What to work on: In the records below, find the line holding "Bibliotecă pentru copii" and the line holding "Resim Ak680 Max". Set down both, with every line between them, exactly.

═════ Material supplied ═════

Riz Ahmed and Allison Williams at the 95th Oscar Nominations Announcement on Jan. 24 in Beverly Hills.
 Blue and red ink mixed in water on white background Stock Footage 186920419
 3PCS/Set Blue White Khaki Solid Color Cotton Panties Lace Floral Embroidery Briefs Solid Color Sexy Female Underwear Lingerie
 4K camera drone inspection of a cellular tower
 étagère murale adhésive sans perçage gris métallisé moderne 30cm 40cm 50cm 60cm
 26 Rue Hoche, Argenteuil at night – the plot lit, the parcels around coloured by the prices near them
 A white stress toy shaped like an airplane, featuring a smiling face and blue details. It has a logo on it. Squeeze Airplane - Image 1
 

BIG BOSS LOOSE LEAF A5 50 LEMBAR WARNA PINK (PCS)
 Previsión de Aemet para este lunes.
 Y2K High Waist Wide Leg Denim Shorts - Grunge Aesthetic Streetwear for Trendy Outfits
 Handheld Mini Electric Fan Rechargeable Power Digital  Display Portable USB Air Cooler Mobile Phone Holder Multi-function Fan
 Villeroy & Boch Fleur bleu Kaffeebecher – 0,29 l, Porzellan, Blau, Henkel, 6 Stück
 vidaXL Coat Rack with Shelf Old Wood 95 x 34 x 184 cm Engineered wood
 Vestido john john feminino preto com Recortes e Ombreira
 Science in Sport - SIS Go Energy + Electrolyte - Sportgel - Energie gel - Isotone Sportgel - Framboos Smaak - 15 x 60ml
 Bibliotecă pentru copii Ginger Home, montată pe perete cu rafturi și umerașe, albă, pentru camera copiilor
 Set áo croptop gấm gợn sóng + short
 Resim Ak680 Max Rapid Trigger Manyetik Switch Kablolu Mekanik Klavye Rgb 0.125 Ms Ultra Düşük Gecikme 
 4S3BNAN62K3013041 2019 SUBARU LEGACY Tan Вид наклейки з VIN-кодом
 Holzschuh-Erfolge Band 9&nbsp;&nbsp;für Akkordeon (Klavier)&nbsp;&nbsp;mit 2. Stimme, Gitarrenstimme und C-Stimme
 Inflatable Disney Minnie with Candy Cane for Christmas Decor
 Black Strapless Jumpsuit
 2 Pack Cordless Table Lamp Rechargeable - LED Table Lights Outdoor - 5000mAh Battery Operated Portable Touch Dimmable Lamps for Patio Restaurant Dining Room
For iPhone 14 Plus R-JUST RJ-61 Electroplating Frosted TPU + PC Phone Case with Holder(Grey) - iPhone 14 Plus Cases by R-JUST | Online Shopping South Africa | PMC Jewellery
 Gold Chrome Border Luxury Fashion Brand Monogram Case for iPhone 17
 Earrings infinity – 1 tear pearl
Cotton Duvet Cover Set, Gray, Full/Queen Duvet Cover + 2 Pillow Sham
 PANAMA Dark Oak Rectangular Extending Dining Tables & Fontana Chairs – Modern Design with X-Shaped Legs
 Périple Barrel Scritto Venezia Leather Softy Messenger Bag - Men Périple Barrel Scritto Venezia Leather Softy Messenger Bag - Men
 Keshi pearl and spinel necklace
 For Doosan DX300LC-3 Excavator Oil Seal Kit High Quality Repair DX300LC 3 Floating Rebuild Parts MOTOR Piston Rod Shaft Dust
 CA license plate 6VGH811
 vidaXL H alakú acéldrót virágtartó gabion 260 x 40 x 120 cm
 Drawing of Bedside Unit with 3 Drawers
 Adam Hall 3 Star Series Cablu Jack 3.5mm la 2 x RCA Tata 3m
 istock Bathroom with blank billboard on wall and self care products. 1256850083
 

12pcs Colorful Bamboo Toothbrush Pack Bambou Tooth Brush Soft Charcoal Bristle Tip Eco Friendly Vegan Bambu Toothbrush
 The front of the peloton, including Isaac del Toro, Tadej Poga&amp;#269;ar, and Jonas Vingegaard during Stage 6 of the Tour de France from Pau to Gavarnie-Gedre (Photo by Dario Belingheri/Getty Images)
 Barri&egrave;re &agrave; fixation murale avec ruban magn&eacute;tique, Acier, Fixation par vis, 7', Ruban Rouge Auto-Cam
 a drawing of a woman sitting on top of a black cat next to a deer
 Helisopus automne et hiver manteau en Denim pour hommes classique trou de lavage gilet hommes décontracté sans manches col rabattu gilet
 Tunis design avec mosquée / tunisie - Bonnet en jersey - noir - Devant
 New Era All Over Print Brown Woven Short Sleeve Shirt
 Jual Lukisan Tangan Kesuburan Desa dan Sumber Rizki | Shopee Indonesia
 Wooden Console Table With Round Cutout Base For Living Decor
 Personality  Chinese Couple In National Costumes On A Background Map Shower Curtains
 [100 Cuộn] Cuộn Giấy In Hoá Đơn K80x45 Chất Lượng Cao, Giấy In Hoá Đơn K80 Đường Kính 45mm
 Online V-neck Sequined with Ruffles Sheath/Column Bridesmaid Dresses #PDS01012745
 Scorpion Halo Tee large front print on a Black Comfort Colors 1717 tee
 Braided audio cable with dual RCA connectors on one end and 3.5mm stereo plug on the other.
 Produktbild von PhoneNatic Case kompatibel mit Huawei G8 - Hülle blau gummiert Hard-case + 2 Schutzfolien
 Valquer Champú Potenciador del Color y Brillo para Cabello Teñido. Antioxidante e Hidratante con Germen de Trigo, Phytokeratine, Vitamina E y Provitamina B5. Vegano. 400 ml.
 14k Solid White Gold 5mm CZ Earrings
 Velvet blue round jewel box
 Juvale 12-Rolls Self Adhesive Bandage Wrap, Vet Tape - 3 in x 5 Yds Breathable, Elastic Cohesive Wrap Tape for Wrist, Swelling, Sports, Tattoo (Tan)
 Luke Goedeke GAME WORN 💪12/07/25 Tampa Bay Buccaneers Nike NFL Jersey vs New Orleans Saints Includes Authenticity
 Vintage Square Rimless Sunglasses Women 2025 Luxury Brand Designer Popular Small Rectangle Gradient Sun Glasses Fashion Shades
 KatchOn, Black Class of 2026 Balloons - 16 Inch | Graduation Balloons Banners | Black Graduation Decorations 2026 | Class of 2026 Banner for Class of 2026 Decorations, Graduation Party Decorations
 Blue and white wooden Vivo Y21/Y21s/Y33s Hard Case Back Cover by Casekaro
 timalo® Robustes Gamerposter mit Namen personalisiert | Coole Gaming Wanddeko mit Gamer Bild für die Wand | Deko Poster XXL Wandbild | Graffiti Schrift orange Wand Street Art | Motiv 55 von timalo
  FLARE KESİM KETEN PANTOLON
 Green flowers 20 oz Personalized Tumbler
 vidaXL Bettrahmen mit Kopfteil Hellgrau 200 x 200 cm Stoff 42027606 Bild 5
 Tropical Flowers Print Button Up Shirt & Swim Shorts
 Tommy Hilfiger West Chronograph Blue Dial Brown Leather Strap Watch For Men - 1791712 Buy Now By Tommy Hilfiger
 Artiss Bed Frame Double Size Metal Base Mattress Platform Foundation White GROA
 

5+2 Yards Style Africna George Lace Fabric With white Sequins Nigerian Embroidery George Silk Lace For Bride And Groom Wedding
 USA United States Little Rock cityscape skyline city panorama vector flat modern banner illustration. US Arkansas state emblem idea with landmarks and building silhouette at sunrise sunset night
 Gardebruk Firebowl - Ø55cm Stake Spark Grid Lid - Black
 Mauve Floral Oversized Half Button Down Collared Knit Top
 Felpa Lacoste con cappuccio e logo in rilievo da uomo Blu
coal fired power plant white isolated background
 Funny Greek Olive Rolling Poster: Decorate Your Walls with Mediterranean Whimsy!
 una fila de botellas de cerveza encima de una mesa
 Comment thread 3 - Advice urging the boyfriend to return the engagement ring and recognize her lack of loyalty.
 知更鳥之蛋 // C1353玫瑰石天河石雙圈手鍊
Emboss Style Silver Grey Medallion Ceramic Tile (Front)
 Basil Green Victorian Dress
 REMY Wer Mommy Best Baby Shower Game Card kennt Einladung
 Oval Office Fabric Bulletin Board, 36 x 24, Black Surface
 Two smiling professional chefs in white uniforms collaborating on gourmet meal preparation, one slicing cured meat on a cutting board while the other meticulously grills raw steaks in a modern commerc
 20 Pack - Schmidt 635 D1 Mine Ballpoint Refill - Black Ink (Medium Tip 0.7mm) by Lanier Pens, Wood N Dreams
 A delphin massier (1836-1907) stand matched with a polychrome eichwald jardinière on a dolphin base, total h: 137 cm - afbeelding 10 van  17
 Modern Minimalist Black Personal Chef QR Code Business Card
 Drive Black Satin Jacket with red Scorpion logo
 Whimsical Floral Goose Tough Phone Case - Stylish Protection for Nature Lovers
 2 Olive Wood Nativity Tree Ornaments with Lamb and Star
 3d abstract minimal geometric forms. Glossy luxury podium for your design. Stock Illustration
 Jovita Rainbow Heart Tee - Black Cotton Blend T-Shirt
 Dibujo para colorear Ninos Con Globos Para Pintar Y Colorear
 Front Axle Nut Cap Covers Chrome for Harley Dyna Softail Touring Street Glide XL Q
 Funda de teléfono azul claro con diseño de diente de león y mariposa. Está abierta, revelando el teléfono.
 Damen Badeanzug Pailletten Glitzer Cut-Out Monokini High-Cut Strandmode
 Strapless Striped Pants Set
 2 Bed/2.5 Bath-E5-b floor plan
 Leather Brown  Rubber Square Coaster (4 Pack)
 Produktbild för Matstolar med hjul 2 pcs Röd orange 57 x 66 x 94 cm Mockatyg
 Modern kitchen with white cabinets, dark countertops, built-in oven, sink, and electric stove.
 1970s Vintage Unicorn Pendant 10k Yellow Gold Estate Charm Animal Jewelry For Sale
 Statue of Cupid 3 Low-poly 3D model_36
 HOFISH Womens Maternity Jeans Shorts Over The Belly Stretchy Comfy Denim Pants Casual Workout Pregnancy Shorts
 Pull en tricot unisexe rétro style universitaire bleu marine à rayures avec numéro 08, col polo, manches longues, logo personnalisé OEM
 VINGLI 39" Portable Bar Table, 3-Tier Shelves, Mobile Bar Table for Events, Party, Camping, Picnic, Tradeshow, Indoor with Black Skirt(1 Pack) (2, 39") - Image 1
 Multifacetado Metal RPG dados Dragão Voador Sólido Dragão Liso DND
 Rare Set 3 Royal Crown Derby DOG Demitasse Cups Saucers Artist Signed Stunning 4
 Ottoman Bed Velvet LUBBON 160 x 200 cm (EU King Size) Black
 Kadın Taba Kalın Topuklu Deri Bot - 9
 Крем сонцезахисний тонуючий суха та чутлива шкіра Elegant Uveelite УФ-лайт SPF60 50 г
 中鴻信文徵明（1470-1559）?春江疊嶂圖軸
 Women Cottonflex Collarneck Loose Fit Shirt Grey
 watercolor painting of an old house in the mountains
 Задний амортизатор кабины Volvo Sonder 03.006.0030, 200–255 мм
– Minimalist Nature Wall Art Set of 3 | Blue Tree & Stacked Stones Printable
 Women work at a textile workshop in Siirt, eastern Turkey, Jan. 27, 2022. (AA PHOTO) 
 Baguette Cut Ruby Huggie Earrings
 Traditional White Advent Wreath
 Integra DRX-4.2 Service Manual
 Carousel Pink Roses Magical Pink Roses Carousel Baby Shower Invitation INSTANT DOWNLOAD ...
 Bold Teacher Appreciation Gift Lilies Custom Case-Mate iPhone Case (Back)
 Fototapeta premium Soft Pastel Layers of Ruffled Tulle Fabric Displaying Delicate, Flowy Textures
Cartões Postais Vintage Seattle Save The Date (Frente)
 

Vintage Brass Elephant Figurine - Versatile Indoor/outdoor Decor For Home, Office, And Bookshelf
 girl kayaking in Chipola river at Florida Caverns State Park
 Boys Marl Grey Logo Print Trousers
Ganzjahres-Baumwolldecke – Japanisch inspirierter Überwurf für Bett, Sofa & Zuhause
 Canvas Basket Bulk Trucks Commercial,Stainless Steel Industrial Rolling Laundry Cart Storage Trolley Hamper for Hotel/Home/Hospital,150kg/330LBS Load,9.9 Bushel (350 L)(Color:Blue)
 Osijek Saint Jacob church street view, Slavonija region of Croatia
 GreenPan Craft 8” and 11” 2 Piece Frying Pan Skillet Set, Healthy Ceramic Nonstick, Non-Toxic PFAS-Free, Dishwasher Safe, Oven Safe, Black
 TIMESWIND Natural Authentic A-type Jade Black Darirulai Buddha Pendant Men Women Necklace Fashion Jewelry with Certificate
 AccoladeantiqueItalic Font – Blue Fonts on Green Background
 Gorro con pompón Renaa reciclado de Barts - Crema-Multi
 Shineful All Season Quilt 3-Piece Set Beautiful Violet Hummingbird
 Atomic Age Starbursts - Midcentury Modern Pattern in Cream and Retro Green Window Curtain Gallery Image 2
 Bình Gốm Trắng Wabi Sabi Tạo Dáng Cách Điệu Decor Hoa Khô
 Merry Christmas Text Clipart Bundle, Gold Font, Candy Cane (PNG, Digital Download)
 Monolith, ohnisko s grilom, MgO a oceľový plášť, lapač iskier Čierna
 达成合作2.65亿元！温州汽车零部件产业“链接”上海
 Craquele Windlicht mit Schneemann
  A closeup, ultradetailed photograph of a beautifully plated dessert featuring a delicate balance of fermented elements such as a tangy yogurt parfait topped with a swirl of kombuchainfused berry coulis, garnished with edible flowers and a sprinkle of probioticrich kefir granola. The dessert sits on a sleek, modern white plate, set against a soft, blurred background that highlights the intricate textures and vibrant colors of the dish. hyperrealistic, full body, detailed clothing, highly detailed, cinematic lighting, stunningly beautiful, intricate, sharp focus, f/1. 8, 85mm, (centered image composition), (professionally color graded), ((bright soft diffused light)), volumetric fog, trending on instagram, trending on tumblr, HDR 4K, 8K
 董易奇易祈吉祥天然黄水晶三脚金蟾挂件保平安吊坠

═════

Answer space:
 Bibliotecă pentru copii Ginger Home, montată pe perete cu rafturi și umerașe, albă, pentru camera copiilor
 Set áo croptop gấm gợn sóng + short
 Resim Ak680 Max Rapid Trigger Manyetik Switch Kablolu Mekanik Klavye Rgb 0.125 Ms Ultra Düşük Gecikme 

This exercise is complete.